◆ **Action item**
Once you reach the line containing "opened lift and", return it and every line after it exactly, through the end of the records below, with no pictures.

(Extracted records)

== Segment start ==

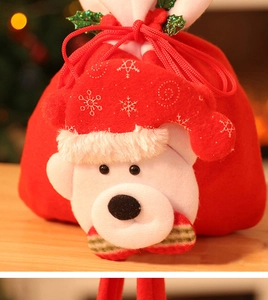 Detail of red Christmas drawstring bag featuring 3D polar bear doll with snowflake hat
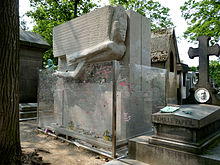 A large, rectangular, granite tomb. A large, stylised angel, leaning forward is carved into the top half of the front. There are a few flowers beside a small plaque at the base. The tomb is surrounded by a protective glass barrier that is covered with graffiti.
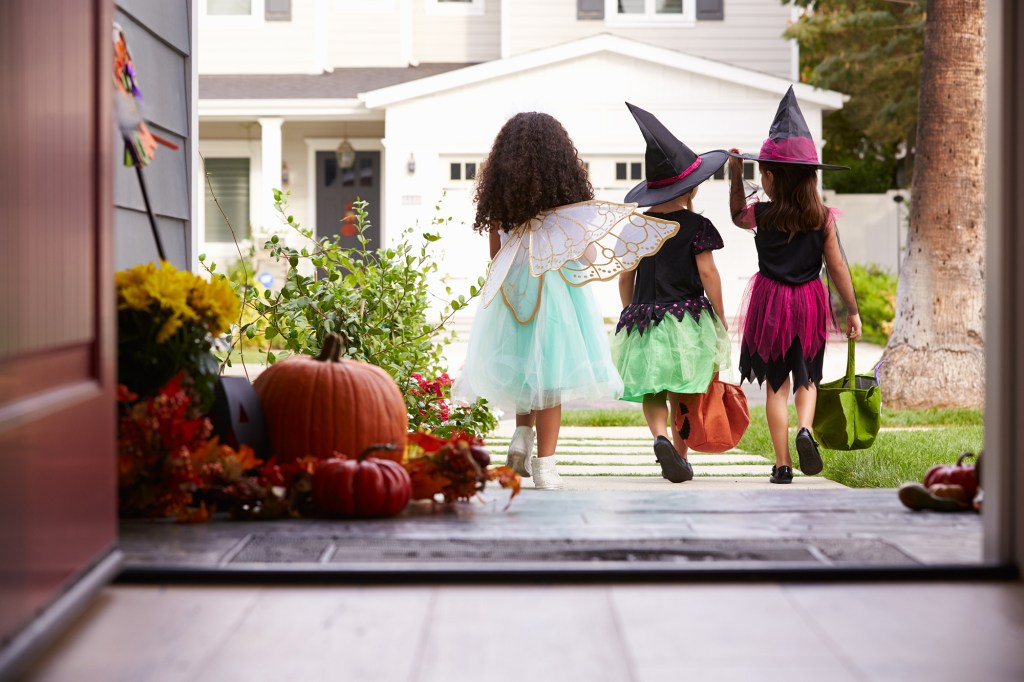 Three Children In Halloween Costumes Trick Or Treating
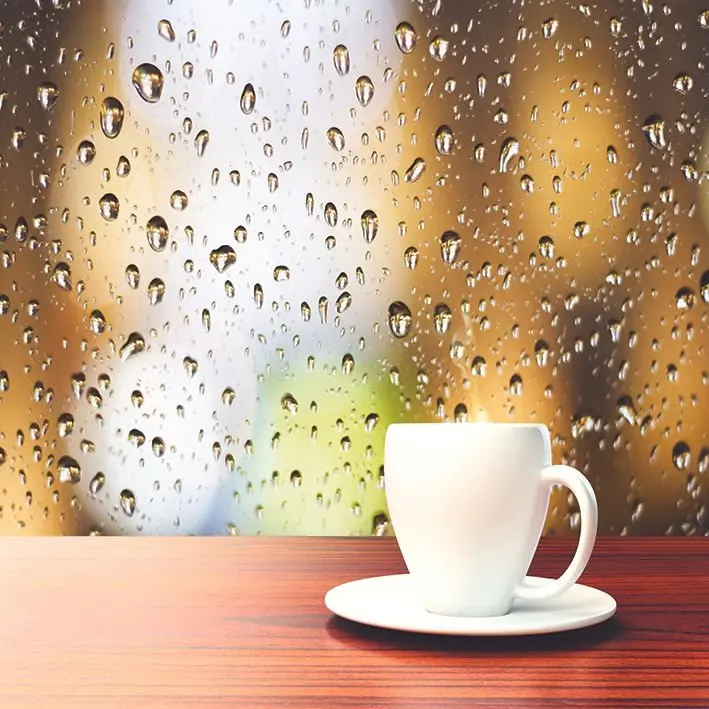 Cup of Coffee on the Background of the Window with Raindrops Rainy Morning Breakfast Time View Brown Gold White Curtain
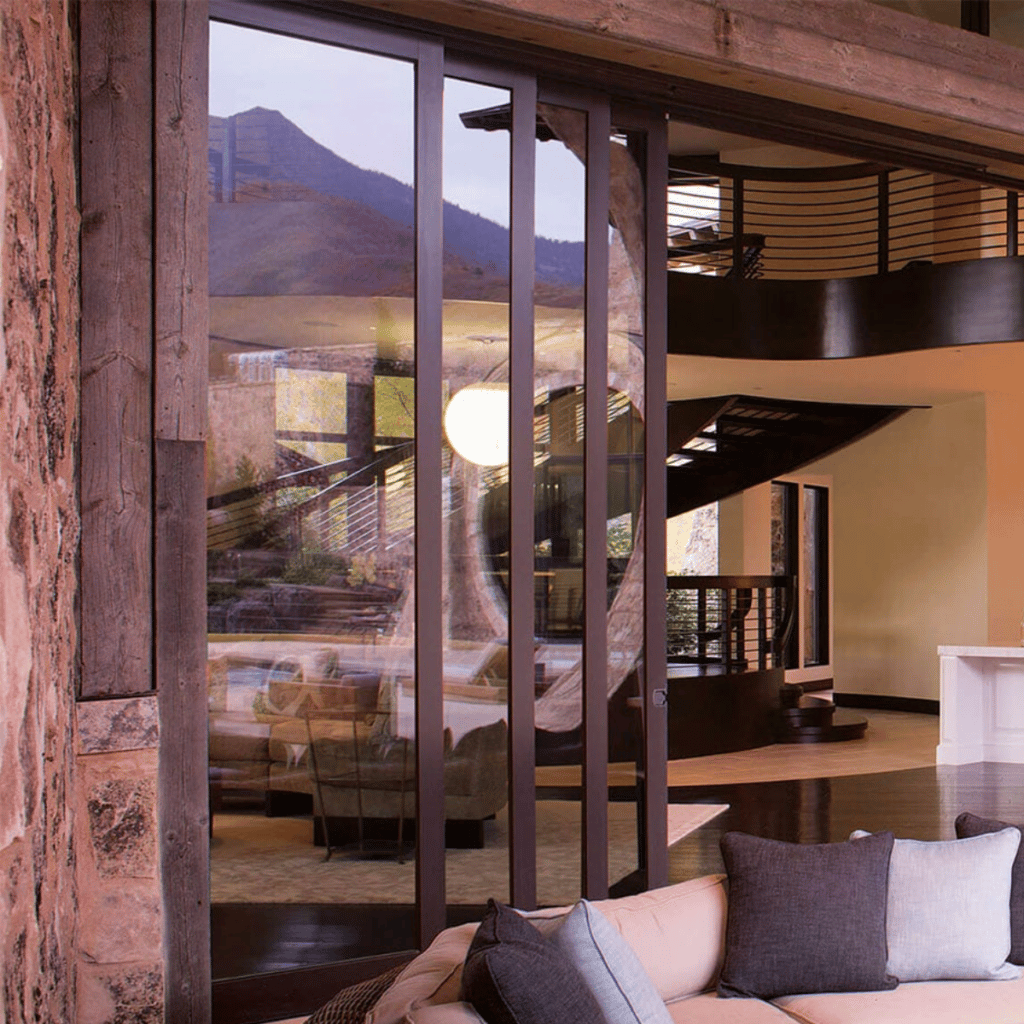 opened lift and slide patio doors with a view into a very modern and brown home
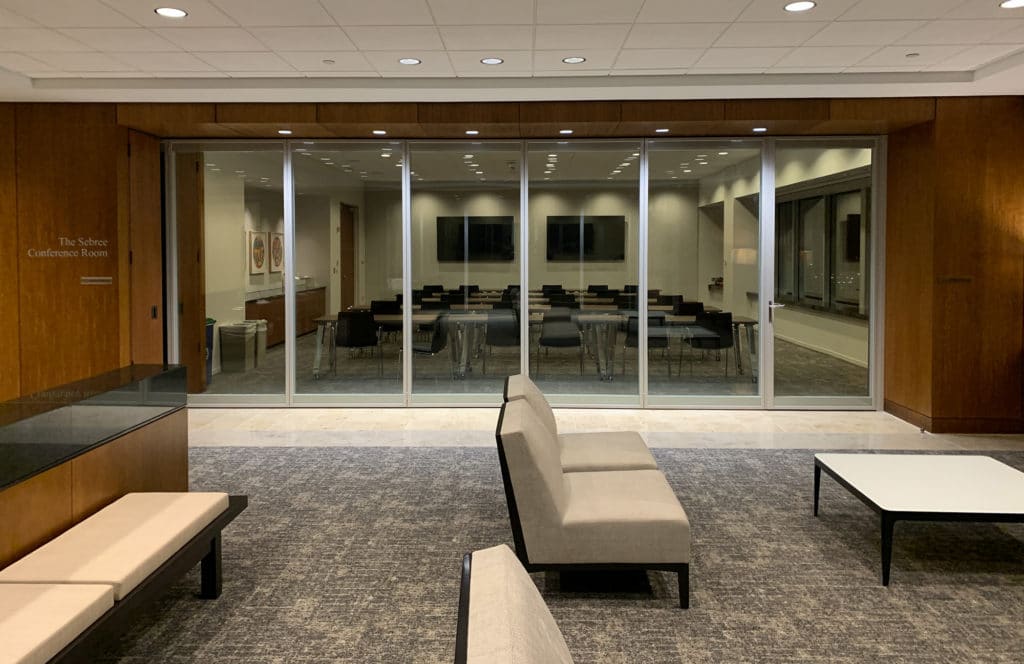 Modernfold Acousti-Clear glass walls with door closed.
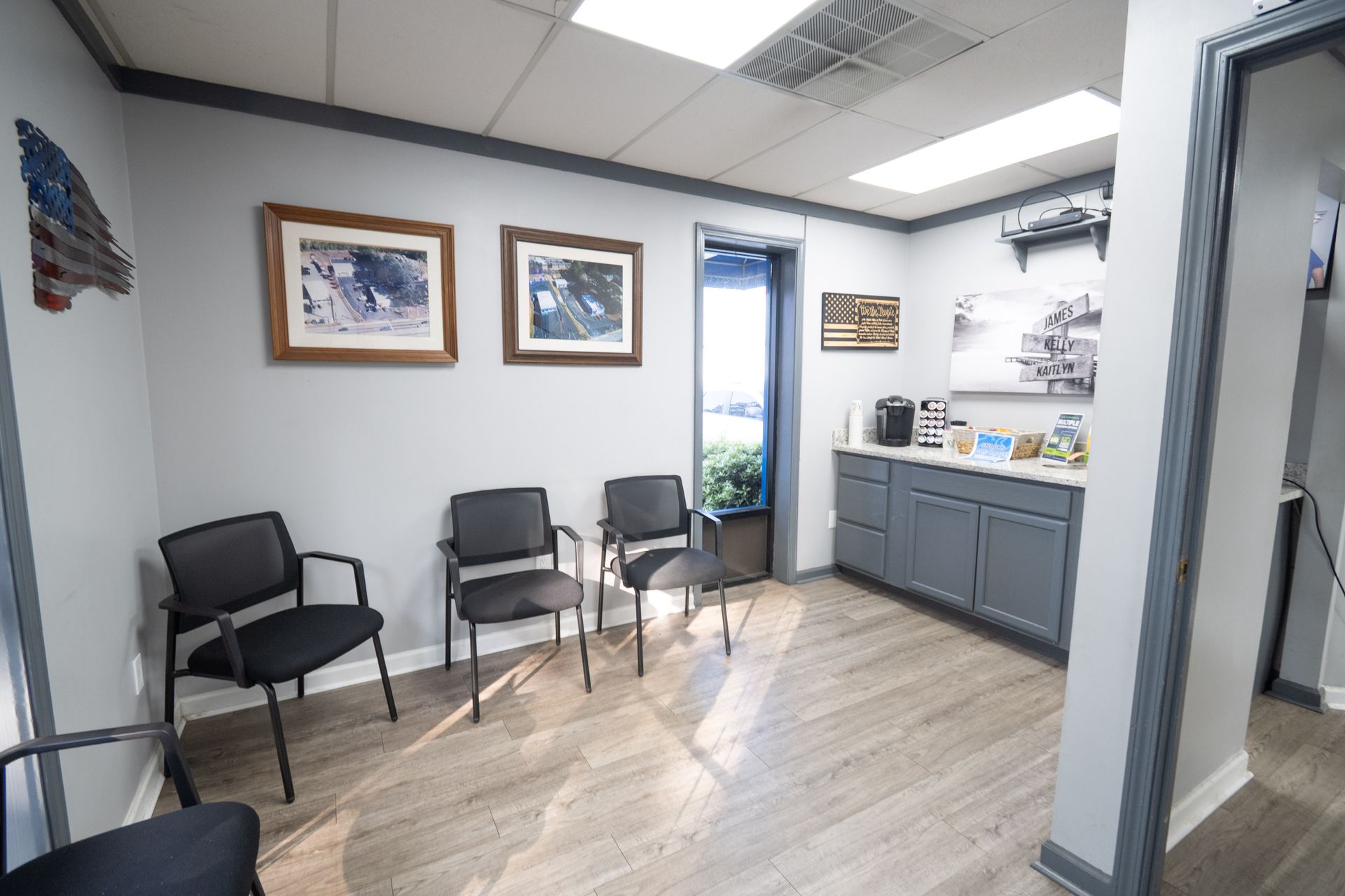 Waiting room with gray walls, wood-look floor, chairs, and framed artwork.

== Segment end ==

◆ **Problem solution**
 opened lift and slide patio doors with a view into a very modern and brown home
 Modernfold Acousti-Clear glass walls with door closed.
 Waiting room with gray walls, wood-look floor, chairs, and framed artwork.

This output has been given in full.